The "|" at the beginning indicates to the kernel that a pipe must be
used. The path following the pipe indicator is a path to a binary that
will be spawned as a usermode helper process. Any additional parameters
pass information about the task that is generating the coredump to the
binary that processes the coredump.

In this case systemd-coredump is spawned as a usermode helper. There's
various conceptual consequences of this (non-exhaustive list):

- systemd-coredump is spawned with file descriptor number 0 (stdin)
  to the read-end of the pipe. All other file descriptors are closed.
  That specifically includes 1 (stdout) and 2 (stderr). This has already
  caused bugs because userspace assumed that this cannot happen (Whether
  or not this is a sane assumption is irrelevant.).

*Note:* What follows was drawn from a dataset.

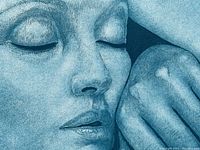 Close-up of a blue toned etching showing a sleeping face resting on a bent arm.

- systemd-coredump will be spawned as a child of system_unbound_wq. So
  it is not a child of any userspace process and specifically not a
  child of PID 1 so it cannot be waited upon and is in general a weird
  hybrid upcall.

- systemd-coredump is spawned highly privileged as it is spawned with
  full kernel credentials requiring all kinds of weird privilege
  dropping excercises in userspaces.

This adds another mode:

(3) Dumping into a AF_UNIX socket.

Userspace can set /proc/sys/kernel/core_pattern to:

        :/run/coredump.socket

The ":" at the beginning indicates to the kernel that an AF_UNIX socket
is used to process coredumps. The task generating the coredump simply
connects to the socket and writes the coredump into the socket.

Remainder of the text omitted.